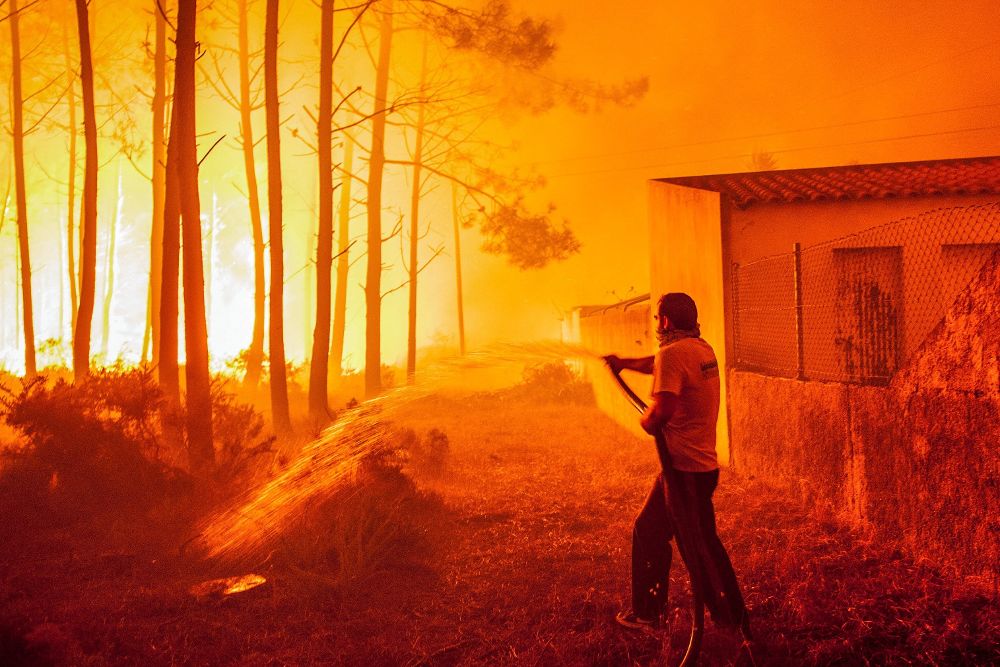Un hombre lucha contra las llamas en un incendio forestal declarado en Adica, Tondela (Portugal).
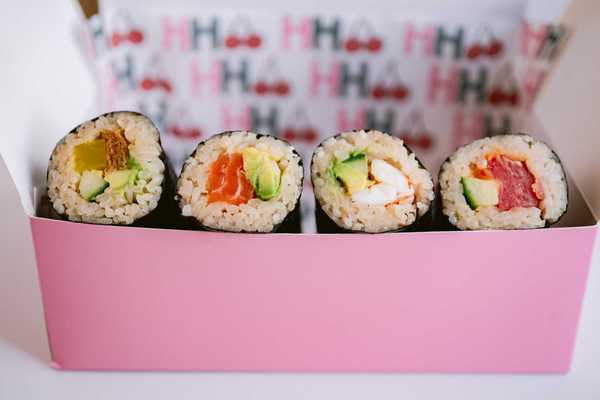 a pink box filled with Australian-style handrolls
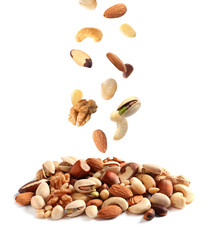 Different nuts falling into pile on white background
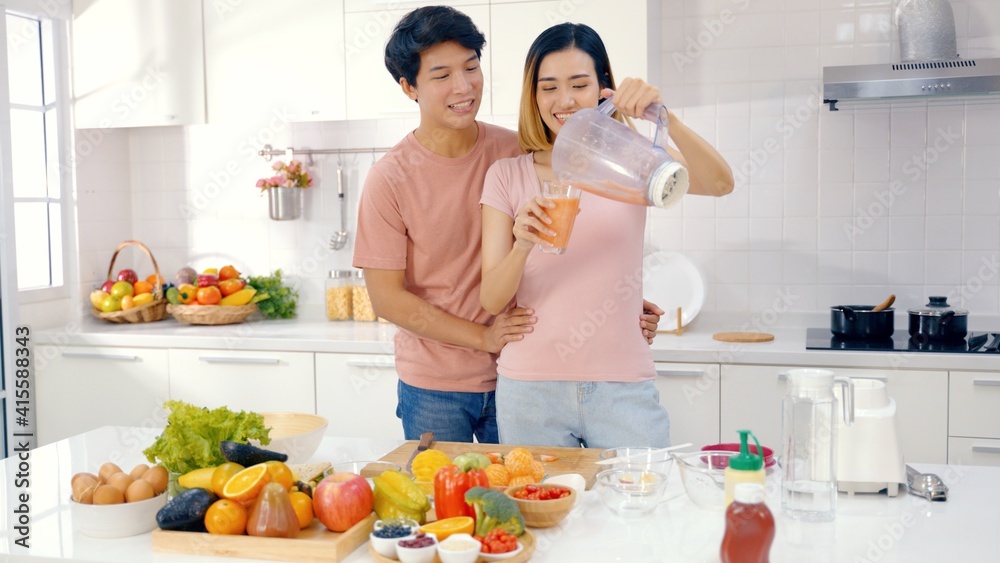 Asian couple feed each other while cooking together in modern kitchen enjoy conversation and healthy vegetarian salad food preparation. Lifestyle, happy homeowners, romantic date, hobby, love concept.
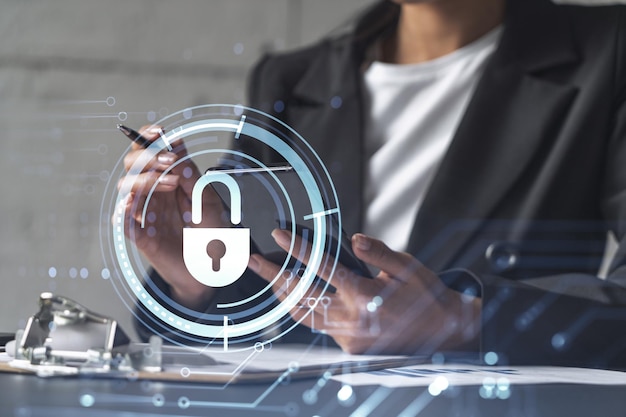 Businesswoman in formal wear signing the contract to prevent probability of risks in cyber security Checking the phone Padlock Hologram icons over the working desk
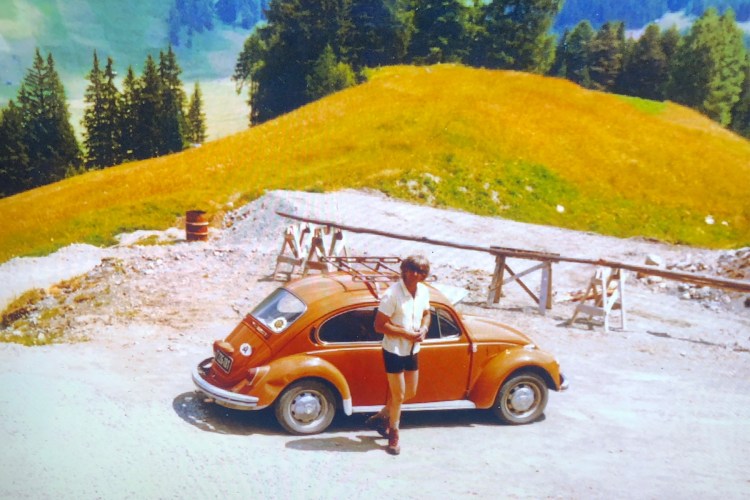 A dad in a short-sleeve button-up and shorts stands in front of an orange Volkswagen Beetle in a bucolic setting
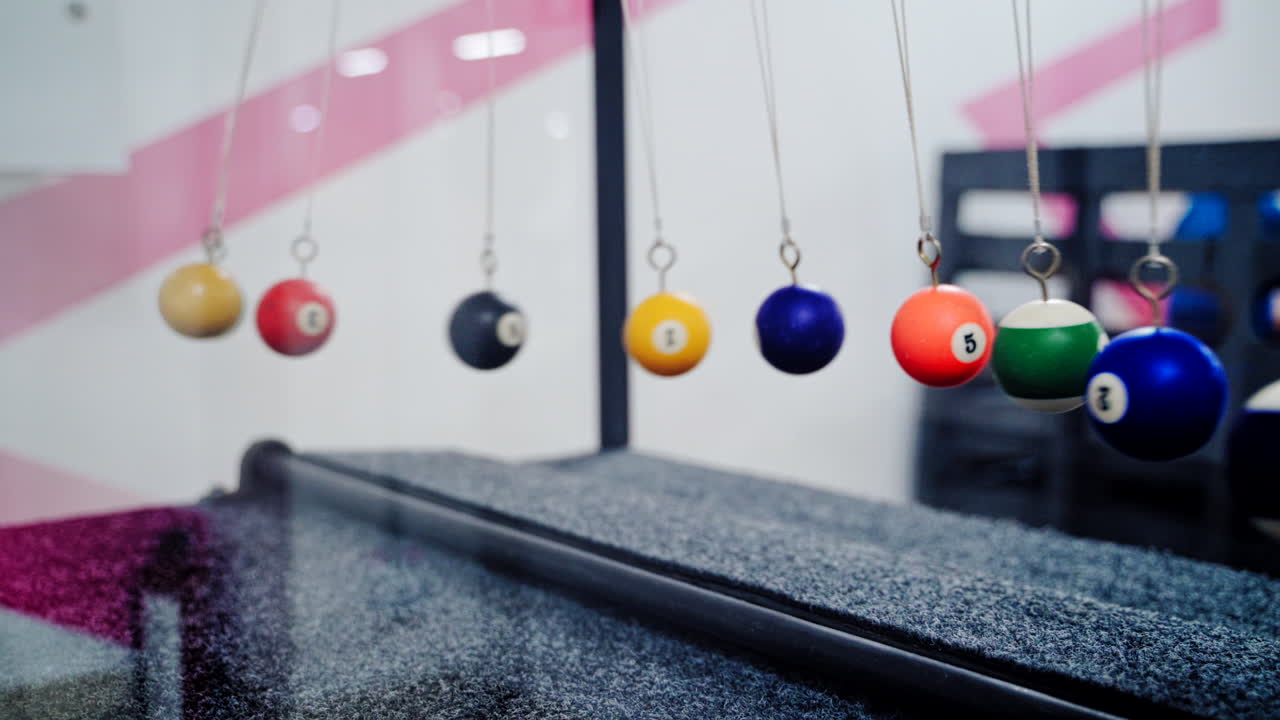 Balancing balls of Newton's cradle. Museum of Science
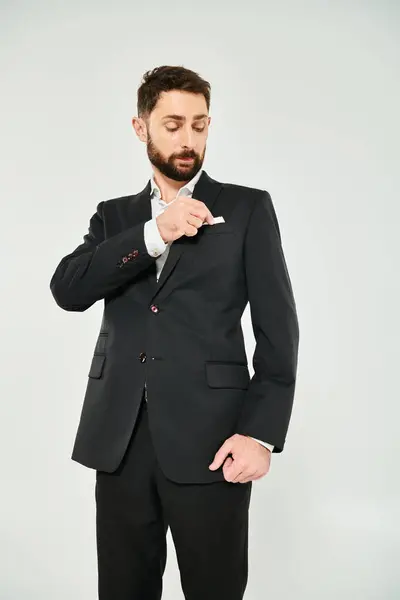 Elegante hombre de negocios barbudo ajustando pañuelo blanco en el bolsillo del pecho de chaqueta negra en gris - foto de stock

_Task details_
Could you repeat all of the entries exactly, without the pictures?

_Exercise output_
Un hombre lucha contra las llamas en un incendio forestal declarado en Adica, Tondela (Portugal).
 a pink box filled with Australian-style handrolls
 Different nuts falling into pile on white background
 Asian couple feed each other while cooking together in modern kitchen enjoy conversation and healthy vegetarian salad food preparation. Lifestyle, happy homeowners, romantic date, hobby, love concept.
 Businesswoman in formal wear signing the contract to prevent probability of risks in cyber security Checking the phone Padlock Hologram icons over the working desk
 A dad in a short-sleeve button-up and shorts stands in front of an orange Volkswagen Beetle in a bucolic setting
 Balancing balls of Newton's cradle. Museum of Science
 Elegante hombre de negocios barbudo ajustando pañuelo blanco en el bolsillo del pecho de chaqueta negra en gris - foto de stock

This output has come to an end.